What is Antibiotic resistance?

What is antibiotic resistance?
Antibiotic resistance is the ability of bacteria to become insensitive to the action of an antibiotic: the specific antibiotic does no longer inhibit the growth of the bacteria or the bacteria are no longer killed by the antibiotic. Treatment of a patient or sick animal with the antibiotic to which the bacteria are resistant has no effect: the bacteria continue to grow undisturbedly and the infectious disease may further develop.

An antibiotic resistant bacterium has ‘downloaded an app’.
A resistant bacterium has one or more ‘tools’ at its disposal that make it insensitive to an antibiotic. So to say the bacterium has ‘downloaded an app’ providing:

  1. The ability to break down the antibiotic after entering the bacterial cell (‘degradation’) or to change its structure (‘modification’). In both cases, the antibiotic is no longer effective.
  2. The ability to simply kick out the antibiotic after having entered the bacterial cell (‘efflux’).
  3. The ability to alter the ‘grip’ of the antibiotic on its target in the bacterial cell and makes is no longer effective.

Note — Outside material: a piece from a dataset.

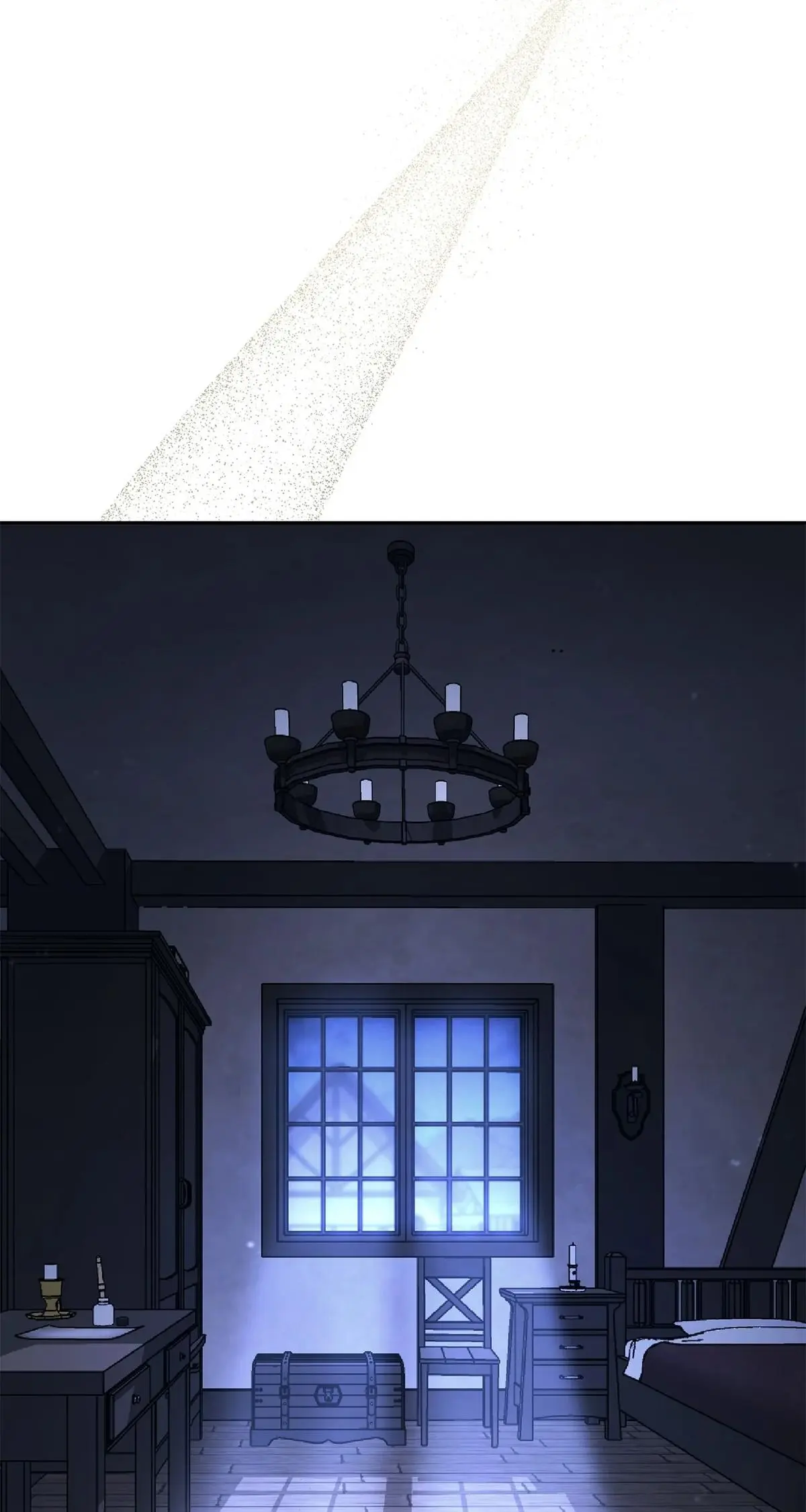The Skeleton Soldier Failed to Defend the Dungeon Chapter 335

The ‘tools’ are laid down in and defined by the genetic material of the bacterium (the DNA). This can either be the bacterium’s own DNA (‘the chromosome’) or small pieces of ‘foreign’ DNA that can enter, be present and sometimes also stay in the bacterium (‘plasmids’). See my previous blog. Bacteria can have these ‘tools’ already at their disposal but also obtain these after obtaining the plasmids (downloading the app) and as a result become insensitive to one or more antibiotics.

When does a bacterium become resistant?
Also here we see several possibilities:

  1. As said, the bacteria can already be resistant to a certain antibiotic. The genetic information of the ‘tool’ is then already present (naturally or obtained recently).
  2. The bacteria can acquire the plasmids (‘download the app’) which renders them insensitive for the antibiotic.
  3. The DNA of bacteria can, more or less spontaneously, change (‘mutate’), resulting in resistance to the antibiotic.

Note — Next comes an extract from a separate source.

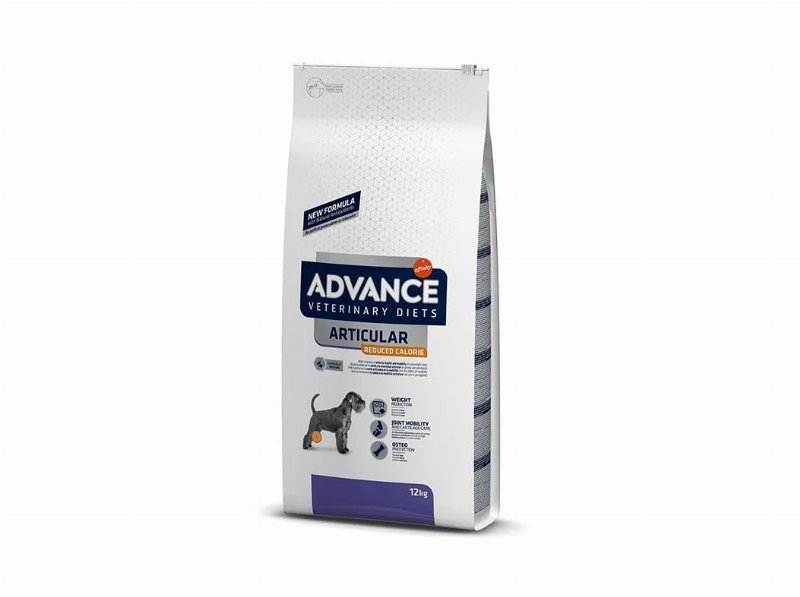 Ração Veterinária Cão Advance Articular Reduced Calories 12 kg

Resistance occurs primarily when antibiotics are present: then the ‘tools’ are switched on.

How does a resistant bacterium spread?
Basically resistant bacteria behave in the same way as their non-resistant counterparts: they divide and spread as normal by body contact, via (waste) water or air or via food.

How does the chance on resistance formation spread?

The chance on resistance formation is spread in several ways:

  1. Resistant bacteria can spread themselves and herewith spread the transfer of plasmids to other bacteria (‘horizontal gene transfer’) and to their offspring (‘vertical gene transfer’).
  2. Plasmids themselves may spread in for example wastewater, be taken up again by new bacteria and render these resistant.
  3. Residues of antibiotics in food products or wastewater may lead to new resistant bacteria.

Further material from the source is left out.